Bent over laptops on the 29th-floor of an office building in midtown Manhattan, they spent three hours coming closer to their relatives’ last moments on that morning of terror in 2001.

Most of all, they were trying to hear or read anything that might give them clues to exactly where and how their loved ones met their end.

“I heard ‘Mayday, Mayday, Mayday.’ But there was no response,” said Antonia Fontana, who lost her son, Lt. David Fontana of Squad 1 in Brooklyn. His remains were delivered to the family “in bits and pieces. We got the ninth piece of David back in January of this year.”

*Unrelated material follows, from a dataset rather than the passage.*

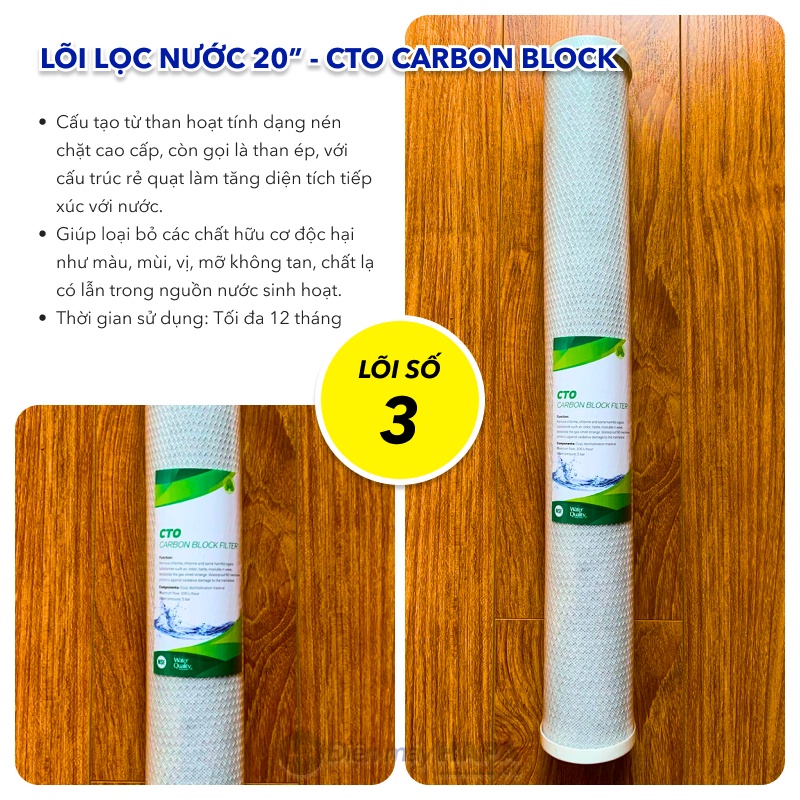 Bộ 3 Lõi Lọc Nước 20 inch 1-2-3, Lọc Thô Đầu Nguồn, Sinh Hoạt, Tiền Lọc 123 20in - Hàng Chất Lượng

Fontana said the transcripts and tapes showed that firefighters never received the radio messages ordering them to get out. Batteries in some radios died; others never worked.

“I knew this, but today I heard it,” she said, her lips quivering. “This is the truth.”

Dispatches of frantic emergency calls, recorded on nearly two dozen CDs, were played as everyone took notes, comparing and discussing details. Two fire officers who survived the attack helped the group understand department jargon in the released materials.

“I never heard any of this before – the chaos,” said retired Lt. Jerry Reilly, who escaped the trade center’s north tower. His eyes teared up as he explained that “the radio communication was terrible. But I knew before 9-11 – that these new radios were terrible in the field. And we got no training for them.”

Sally Regenhard, mother of 28-year-old Christian Regenhard, charged that a breakdown of communications among firefighters led to her son’s death and that the response to the attack “has been sanitized by the city of New York in an effort to put all this under the rug.”

She and her husband, retired police Sgt. Al Regenhard, learned a sliver of information about their son’s last minutes during the three-hour session. He had been filling in that day for a firefighter in Engine 279 of Red Hook, Brooklyn, which was told to head toward the south tower; she even learned the name of his commander.

“It’s very emotional. It’s very difficult,” she said. “But it’s no harder than knowing every day that my son is gone.”

Al Fuentes, a retired fire captain, said communications were so bad before he was pulled out of the rubble that some firefighters resorted to hand signals to connect with survivors trapped in the Marriott Hotel, damaged by falling debris.

The department made public the hours of radio transmissions and transcripts of more than 500 firefighters’ oral histories after The New York Times successfully sued for the records. The rush to the trade center saved an unknown number of civilians, but cost 343 firefighters their lives.

A group of victims’ families who have become advocates for reforming building codes and emergency response had eagerly awaited the release of the records in hopes they would challenge the notion that many firefighters in the north tower heard, but chose to ignore, an evacuation order issued after the south tower collapsed.

Rosemary Cain, of Massapequa, whose lost her son, George Cain, of Ladder 7 in Manhattan, said: “It’s a disgrace that the families have had to fight for every single little bit of information that they have gotten.”